《紙老虎》原文鏈接:http://nymag.com/news/features/asian-americans-2011-5/
譯者:變色龍眾譯苑
有時候,無意中瞥到映在櫥窗中的自己,我都有點震驚:烏黑的頭發,斜長的眼睛,平坦的臉龐和有點黃綠色的皮膚。表情漠然得幾乎跟冷血的爬行動物沒什麽兩樣。我努力讓自己相信,這張臉龐和別人的臉龐一樣漂亮出眾。但同時,我又覺得這張臉無比陌生。這是我的臉,我不能說不要就不要。但這張臉和我到底有什麽關係呢?
一定有無數的美國人也對他們的長相感到有一種疏離感,但每個人的原因卻又各不相同。舉個例子,我是韓國移民的後裔,但我卻不會說我父母的母語(即韓語)。我也從來沒有用諸如“大哥”和“大姐”等恰當的敬語來稱呼我的長輩們。我沒跟韓國女性約過會,甚至連個韓國朋友都沒有。雖然我的身份是移民,我卻從來沒有想過像一個移民那樣努力地奮鬥。
我是亞裔美國人,用帶點嘲弄意味的說法就是香蕉或者奶油蛋糕(外黃內白)。雖然我並不認為一個人的種族出身就會決定他的一切,但我相信對各個種族的成見已經深深地植入了我們的思想裏,我們靠它來區分在茫茫人海中遇到的不同麵孔。盡管在很多方麵,我已經沒了什麽亞洲人的特點,但我確實長著一張亞洲人的臉。
我有時懷疑我的長相對於其他美國人來說,相當有代表性,就像一個長著大眾臉的隱形人,一個站在人群裏很顯眼但毫無個性的人,一個美國文化表麵上十分推崇而實際上卻鄙視並剝削的形象。我們不隻是那些“數學學得很好”和會拉小提琴的人,而且是一大群憋屈的要死,壓迫的不行,被虐的快殘了的那些循規蹈矩的半機器人,對社會和文化根本就沒什麽影響力可言。
對於上述種種成見,我總在兩種想法間搖擺不定:一方麵,僅僅因為相貌就將我或者其他任何人對號入座成這樣的半機器人,這讓我覺得受到了冒犯。但另一方麵,我自己確實也發現了不少這樣的亞洲人。
我來概括一下我對亞洲人價值觀的感覺:去他的孝道,去他的好好學習天天向上,去他的非常春藤盟校不進,去他的尊重權威,去他的謙遜努力,去他的和睦關係,去他的為了未來犧牲現在,去他的虔誠努力的中產階級奴性。
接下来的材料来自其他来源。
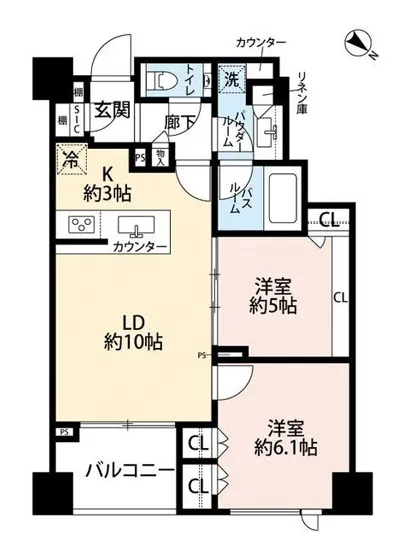 シティハウス月島ステーションコート 11F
我能理解亞洲父母用這種手段撫養整整一代孩子的原因。他們想讓自己的孩子成為醫生、律師、會計、工程師等等,不管是誰,隻要努力學習都有可能得到這些好的工作機會。而且,追求這些好工作又有什麽錯?亞裔美國人從大學畢業的幾率和他們家庭收入中位數比包括美國白人在內的美國其他種族人群都高。這些隻是亞裔取得成功的故事中的一個縮影,這遠比很多人記憶中的成功故事要短得多。在約1400萬的亞裔美國人中,有三分之二的人不是在美國出生。我哥哥出生於1970年,在那個時候,美國隻有不到39000名韓國後裔,而如今,韓國後裔達到了100萬人。
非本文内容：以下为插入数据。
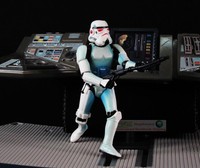 Hasbro Star Wars 3.75" Figur 1:18 Airborne 501st Legion Blue Clone Trooper S189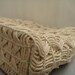 Vintage 1960s ivory clutch w golden strap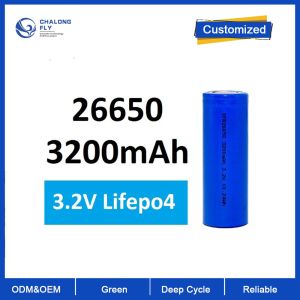  26650 Lithium Ion Battery Cell 3.2V 3200mAh Lifepo4 Manufactures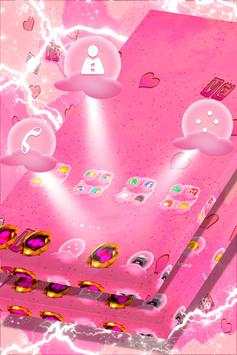 Cute Pink Hearts Launcher screenshot 3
亞裔美國人的成功總被用做美國夢的例證,用來證明那些少數民族在這個國家依靠自己也能取得成功。但是,在提到亞洲人時,總是伴隨著潛在的種族恐慌,特別是在中國成了美國的工業基地和債主的時候。但是,如果那些製造出快速時尚服飾和iPad的中國的勞動力大軍讓我們感到懼怕的話,如果眾多的優秀亞裔學生讓美國父母為他們那寬鬆的教育方式感到焦急的話,那對於處處聽從父母安排的亞裔學生,人們又是怎麽想的呢?這些亞裔學生真就那麽令人懼怕嗎?
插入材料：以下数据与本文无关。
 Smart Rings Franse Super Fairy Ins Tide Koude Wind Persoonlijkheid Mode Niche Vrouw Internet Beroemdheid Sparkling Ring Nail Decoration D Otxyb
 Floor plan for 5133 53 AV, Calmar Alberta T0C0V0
今年早些時候,蔡美兒所著《虎媽的戰歌》一書的出版激起了各種帶有種族成見的歇斯底裏之詞。但是,在眾多對該書的評論之中,沒有任何一條認真地討論過“亞裔美國人能否真的曾經主導過這個國家”的問題。假設亞裔學生在中學和大學的成績和表現確實更好,那麽亞裔美國人是否在現實世界中獲得了同樣的主導地位?我懷疑結果並非如此,而其原因也不難發現。我時常感到,如果我們真像描繪的那樣是一個令人敬畏懼怕的集體,那為什麽還有那麽多亞裔經常被認為是一種過於謹慎的文化的產物,很輕易被那些更加自信的人所左右。從根本上來說,這不就是一群隱形人麽?
“虎子”一代的崛起
幾個月前,一個年輕人發給我一封電郵,他叫傑佛遜・毛,曾就讀於史岱文森高中,現已於芝加哥大學畢業。他向我征求關於成為一名亞裔作家的建議。他是這麽描述自己的:“我成績優異,熱愛文學並且想成為一名作家和知識分子;另一方麵,我是家裏的第一個大學生,父母英語說得不好,我們至今仍無力買下我們在法拉盛租住的公寓。我的意思是,我為自己的父母和社區感到自豪,我認為自己有藝術等方麵的潛能,但有時,我感覺自己作為第一代移民家庭的兒子,就想成為作家這樣融入主流社會的人,是不是太快了一點?也許再等一兩代才比較恰當。”
一個晴朗而寒冷的星期天下午,我搭乘7號地鐵到法拉盛的最後一站,那裏所有的店麵都掛著中文招牌,人行道上緩慢流動的人群帶著一張張毫無表情的麵孔。毛在緬街地鐵站的入口處等著我,我們一起去了附近的一家越南菜館。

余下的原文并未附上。